*YOUR TASK*
In the entries that follow, the first line to write out is the one containing "To do this, create", and the last is the one containing "Then I'll write". Reproduce that stretch exactly, with nothing before or after it.
-------- LISTED ENTRIES
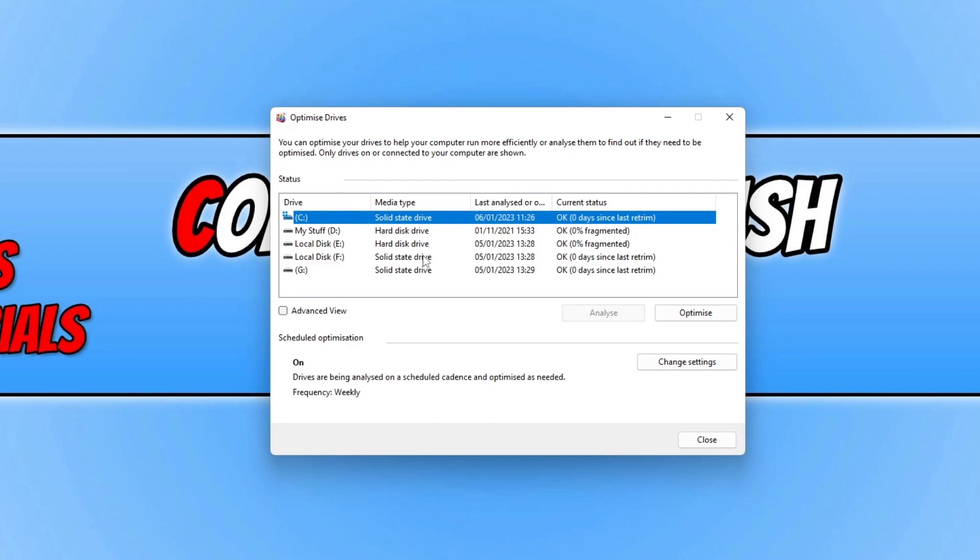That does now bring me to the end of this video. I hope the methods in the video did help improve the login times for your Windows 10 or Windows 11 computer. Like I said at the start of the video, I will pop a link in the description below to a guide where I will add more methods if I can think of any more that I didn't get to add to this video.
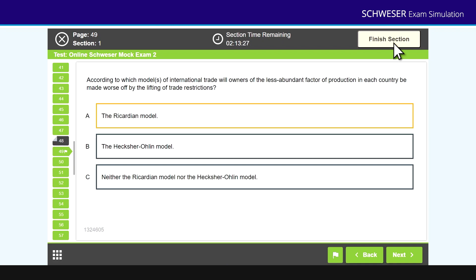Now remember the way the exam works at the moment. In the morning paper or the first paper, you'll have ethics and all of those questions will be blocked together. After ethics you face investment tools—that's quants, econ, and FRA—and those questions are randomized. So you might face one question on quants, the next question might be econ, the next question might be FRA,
----------------
-------- LISTED ENTRIES
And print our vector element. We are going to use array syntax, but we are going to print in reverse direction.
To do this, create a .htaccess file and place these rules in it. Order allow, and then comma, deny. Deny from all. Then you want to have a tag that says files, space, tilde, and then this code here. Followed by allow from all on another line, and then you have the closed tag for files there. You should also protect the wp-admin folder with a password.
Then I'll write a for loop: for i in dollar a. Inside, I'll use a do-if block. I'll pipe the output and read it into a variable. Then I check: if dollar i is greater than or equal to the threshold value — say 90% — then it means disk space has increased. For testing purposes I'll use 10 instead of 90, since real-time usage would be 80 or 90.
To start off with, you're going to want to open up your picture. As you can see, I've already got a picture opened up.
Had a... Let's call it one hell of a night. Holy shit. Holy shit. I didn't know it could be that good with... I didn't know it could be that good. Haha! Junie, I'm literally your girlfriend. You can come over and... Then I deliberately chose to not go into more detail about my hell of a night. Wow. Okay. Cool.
----------------
*FINAL ANSWER*
To do this, create a .htaccess file and place these rules in it. Order allow, and then comma, deny. Deny from all. Then you want to have a tag that says files, space, tilde, and then this code here. Followed by allow from all on another line, and then you have the closed tag for files there. You should also protect the wp-admin folder with a password.
Then I'll write a for loop: for i in dollar a. Inside, I'll use a do-if block. I'll pipe the output and read it into a variable. Then I check: if dollar i is greater than or equal to the threshold value — say 90% — then it means disk space has increased. For testing purposes I'll use 10 instead of 90, since real-time usage would be 80 or 90.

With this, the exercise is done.